EAL students – How to teach them (and what they can teach their peers)
Rebecca Leek explains how students with EAL can be taught well by ‘differentiating without differentiating’…
- by Rebecca Leek
Have you ever been in another country, trying to function as a learner in another language?
I experienced this in Italy in my early 20s, and found it both bewildering and exhilarating. You become someone slightly different – not the articulate, funny, or measured person you might be when speaking your home language, but a paler version of yourself.
I can only imagine how challenging this must be for students with English as an acquired language, who are trying to work out who they are, and learn in a language that’s unknown to them, all at the same time. But there are steps we can all take to help them.
Keywords as footholds
First, model a fascination with language. Whether you’re a science, art, PE or maths teacher, there will be all sorts of wonderful language passing through each of your lessons, – be it by virtue of the subject matter, or simply via interactions with your students. But how often do you stop to pay attention to an interesting phrase and break it open for the whole class?

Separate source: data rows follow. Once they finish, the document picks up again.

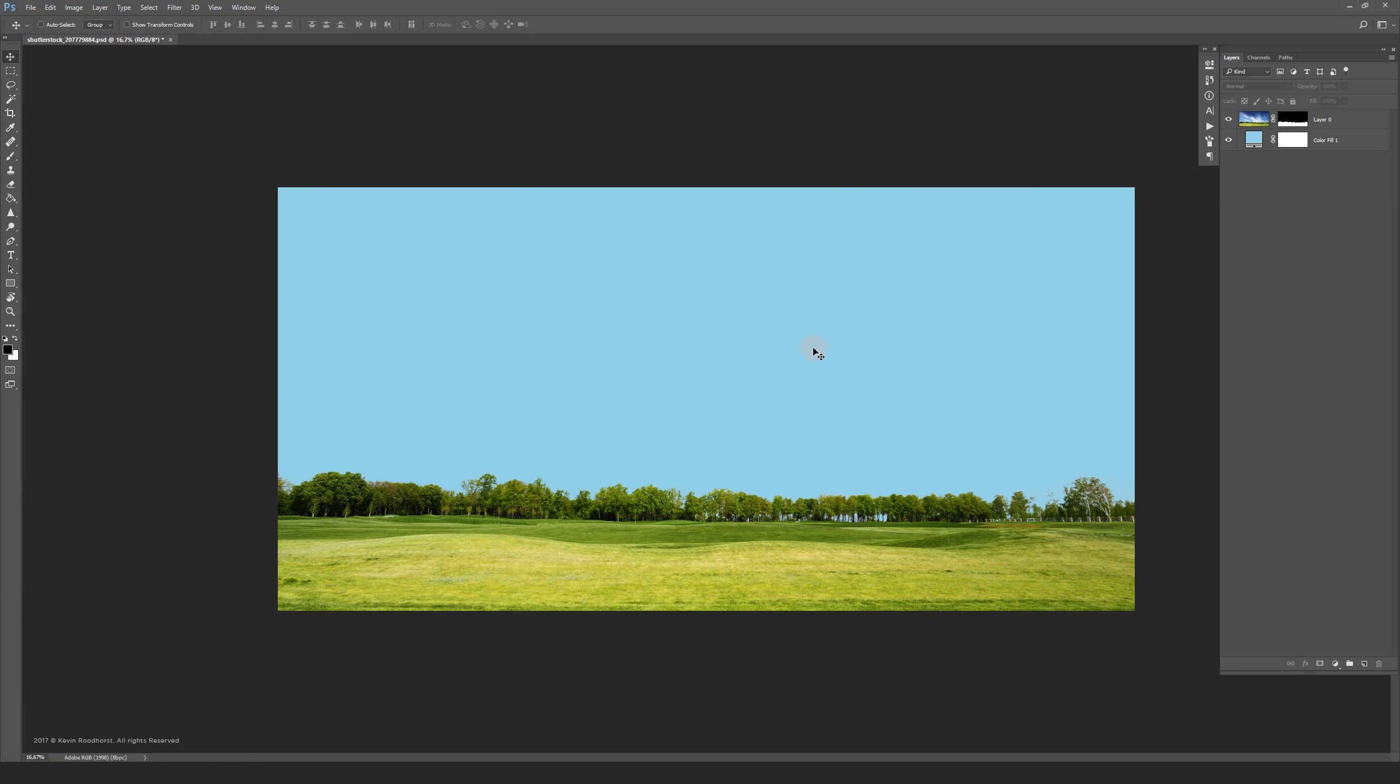Hi guys, welcome to part 2 of my professional masking tutorial series. In this video I'm going to show you two other methods to improve your mask.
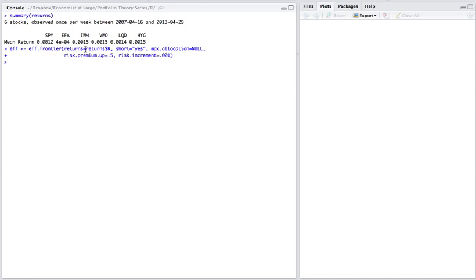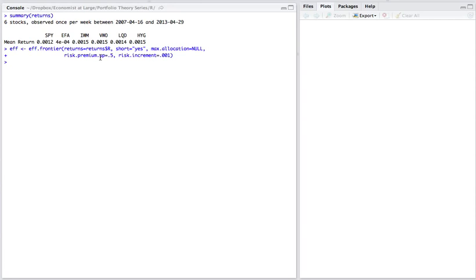I have given it the following arguments. The first is what returns to look at. We're looking at these six. And because this object was returned by the stock portfolio package, I need to specify in the returns object to only look at the R vector underneath. I am going to allow short selling, but I am not going to set a ceiling on the allocation. So rather than saying any one security can make up only less than 30% of the portfolio, just for the sake of the illustration, I'm not giving it any ceiling. The risk premium up and the risk increment are two arguments that are given to tweak the graphing of the efficient frontier. Basically, this is saying vary the risk premium from zero up to 0.5 and vary it by 0.001. So I've run this command.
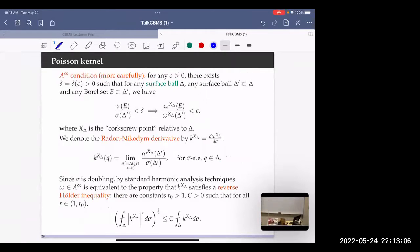If you have a p-measure, the A-infinity condition is equivalent to the so-called reverse Hölder condition.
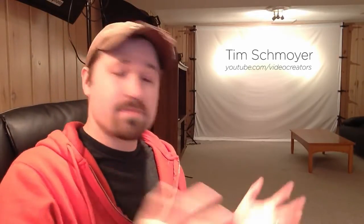Hey guys, my name is Tim Schmoyer. It's Wednesday, which means it's time for some YouTube tips, help, and advice that I give you guys here every week.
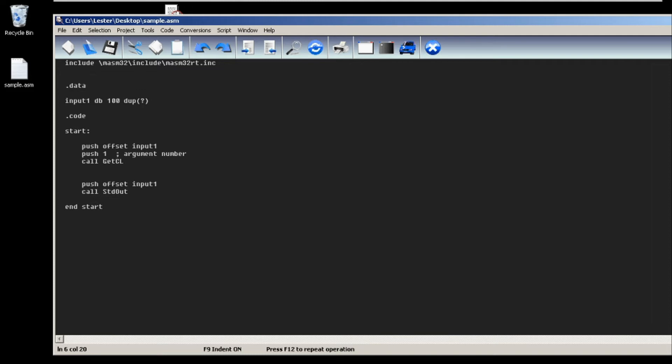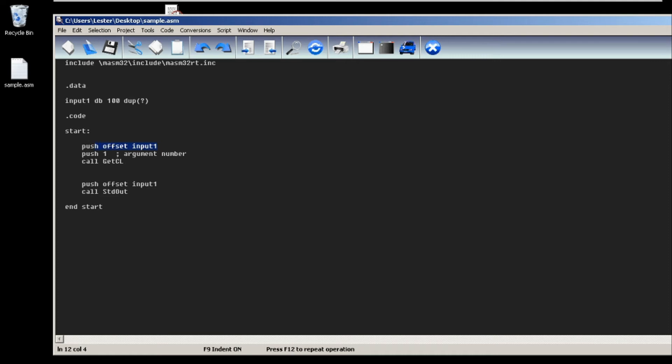The name of the buffer is input1. It will be a defined byte of length 100. We will be using the GetCL command or API. We first push the offset of our buffer, and then push what position is that argument. Then we call GetCL. This will put our input parameter or command line parameter in input1.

For example, what does ‘per cent’ mean? This can open up discussion of currency, cricket and Latin prepositions all in one go, whilst also reinforcing an important mathematical concept. Linger on a keyword and your enthusiasm will rub off. Nurturing a culture of being exploratory with language will enable positive peer support to develop between English and non-English speakers.
As an early learner of a new language, one of the hardest things can be distinguishing between the start and end of words. Try to therefore slow down your delivery and clearly punctuate your speech, so that there’s a little more space between your words – especially when highlighting keywords.
See any keywords as the footholds to your lesson. If you’re teaching nutrition, for instance, then don’t rattle off a string of sentences at the start. Instead, provide a toolbox of vocabulary, working through the words slowly – ideally teaching them multi-modally (with pictures, reading, speaking and writing) before proceeding.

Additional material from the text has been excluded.